Other then the fact that the industry is worth billions of dollars, GE plants arose because genetic modification through conventional plant breeding takes years of selection due to lack of control over how the gene is expressed, combined traits after crossing, high levels of recombination, and an undesirable genetic load. The production of transgenic plants are faster and whether agreed upon by the majority or not, the advent of GE technology in crops, has changed the agriculture landscape forever.
Concerns about GE technology arise all over the planet, to the point where exported U.S. seeds have been burned just to prove a point. But is all of this hatred deserved? Whether a staunch environmentalist or not, understanding the science behind GE is paramount to intelligently discussing the issue. Value-laden debates without understanding are a waste of time, and all people are guilty of this. So after immersing myself in the literature my conclusion is this: GE crops, on a molecular level, are really no different than regular crops and transgenic technology is more or less an accelerated form of conventional breeding and hybridization. Unfortunately, this is only one side of the story, and the situation must be analyzed through a more holistic lense before legislation can take place. Like all human systems, the problem with legislative regulation in the U.S. is corruption. This stems from the fact that many positions on regulatory agencies are filled by previous or current employees of the exact companies that are being regulated!

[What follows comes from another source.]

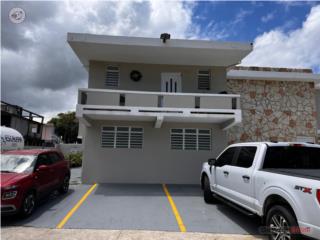 Bienes Raices  Puerto Rico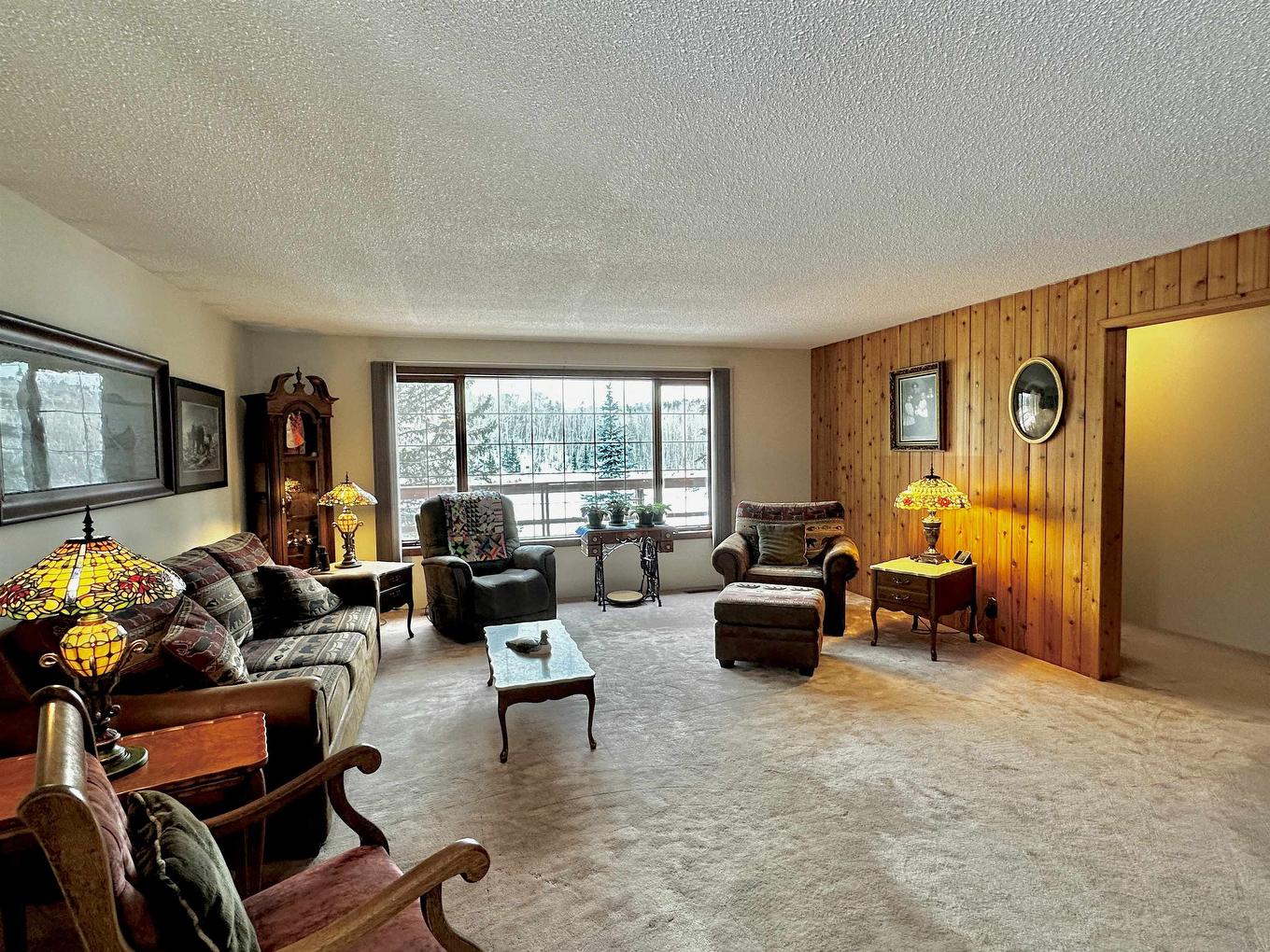 2353 Reddit Road, Kenora, ON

These companies use devices to “soften” the ecological impact such as antibiotic/herbicide-marker free transgenic plants, chloroplast transformation technology, or terminator technology. The cynic would say that antibiotic/herbicide marker free plants are missing the issue and simply placate regulatory agencies, that chloroplast technology makes sense but may not be 100% effective, or that terminator technology is simply a means for the seed company to stop seed saving in an effort to protect their own patent interests. The advocate for this technology is the farmer who actually has to deal with weed pressure, low yields and a family of five, the employee of the GE company who needs a job, or the ignorant consumer who has no idea about anything and will purchase whatever is cheapest at the grocery story.

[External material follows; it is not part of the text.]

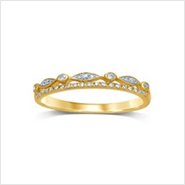 FROT5167G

Overall, it is clear that the issue is still up for debate, and even though there are dozens of GE plant varieties with excellent traits that improve agrisystems and human health, there have only been a few traits approved for use. These traits such as herbicide resistance and antibiotic exudates where pushed through the regulatory process while improved varieties of rice, cassava, or animal forage still linger in the balance. This is the clear indicator that GE technology is “all about the Benjamins”. If the companies in favor of transgenic plants actually cared about global food insecurity, they would have pushed these varieties through legislation, instead of Roundup Ready® or Liberty Link® technology, which account for billions of dollars in revenue annually. From a strictly molecular level, GE is not different; however, from an ecosystem or socioeconomic view it is, and the implications of this technology as well as the patenting of life should continue to be heavily regulated and scrutinized.